View Full Version : Hand Coming Off 2-Handed Backhand
10-22-2009, 07:13 PM
During my last two tennis matches, I've noticed that my left hand will let go of the racquet during the follow through of my two-handed backhand. I've never noticed this happening before and would like opinions on what stroke flaw leads to this.
It may be nerves or getting tight at certain points in the match. I was sort of guiding forehands in and also shanking lots of backhands. I settled my backhand down and was relying on it to keep me in the match. It was around that time that I noticed my left hand flying off the grip during the follow through. I am right handed.
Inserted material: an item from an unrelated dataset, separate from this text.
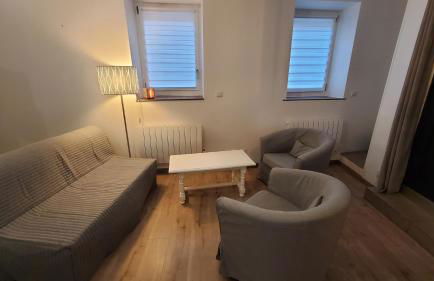 L'Ecrin de Saint Genest Lerpt - Belle vue et Calme - Foto 10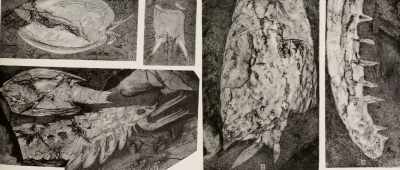 You can see where all the different bodies fit each other. - Is Genesis History?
As best I can tell, the hand flies off the racquet right after contact is made as the follow through begins. Very frustrating and not sure why I am doing this all of the sudden.
10-22-2009, 07:15 PM
I would purposefully do that when I was using a really low powered flexible racket and a lot of topspin. I don't think it is bad for you stroke. It adds a lot of spin and pace unless you are doing it wrong.
10-22-2009, 11:03 PM
I think it's because you're not using your top hand effectively throughout the stroke. You should be extending your non-dominant arm through your target for as long as you can. This aids in control and penetration. If you're pulling or snatching your bottom hand away from your top hand, chances are you're also snatching your racket head away from the ball.
Mishitting is an indication that you're changing the plane of your swing path too sharply during contact, so drive through it more with that top hand using it to keep the racket stable through your contact zone.
If you perform these functions correctly, you will be able to draw a straight line from your shoulder, through your arm and racket, towards your target.
Something like this.^^^
10-22-2009, 11:48 PM
There's nothing wrong with letting go with your non-dominant hand (left hand for right handed players).
There is a lot more variation on 2 handed backhands. Borg comes to mind as a player that let go with the left. Its like a 2 hander with a 1 handed follow thru.
I sometimes have students open the fingers on the left for a few ball feeds to ensure they use the dominant hand control and to get thru the swing line with the left instead of pulling around. Hands should feel balanced thru the hit.
10-23-2009, 06:58 AM
I've thought this through and will pay more attention next time I play a match. I think without the pressure of matchplay, it is less of a problem. For instance, when practicing with a ball machine I hit the backhand pretty smooth and consistently.
I haven't played in tournaments since the early 90s and it is just getting back into the feel of competitive tennis. I think Quikj might be right on with this one. I think I am guilty of jerking the racquet head up too quickly in an attempt to help the ball over the net. As a result I am hitting shanks and/or pulling my left hand off the racquet way too soon.
I agree with 4sound to a point. I have seen others be quite successful with pulling the hand off the racquet, but I cannot do it. It is too distracting and the resulting shots are poor.
10-23-2009, 10:22 AM
As a general rule try not to muscle thru the backhand with your forearms and wrists. (easier said than done, especially if your not in position & late)
90% of shank/mishits comes from the racket swing line coming around the body too much instead of forward thru the ball path.
If you haven't already done so, have someone video tape you so you can really see yourself objectively.
10-23-2009, 11:11 AM
Yep, a little video will tell a whole lot.
It could be the case that you're actually trying to hit a right hand dominant backhand, but using your left hand more to stabilize the racquet and get it moving forward through contact. This is an interesting sort of a hybrid stroke that I noodled with myself a few years ago, but unless you've tried to construct this sort of a shot for yourself, it probably didn't happen spontaneously.
You may just need to get your left arm to be a bit more in command of your two-hander. I like to focus on extending that arm through contact, but also on extending to a full follow through so that I don't decelerate through the hitting zone. If your left hand is coming off the racquet, it sounds like it's only along for the ride and in that case, I'll bet that you're not getting good leverage or a good release of the racquet through the hitting zone. Easy for the racquet head to wander without the left hand powering it I think.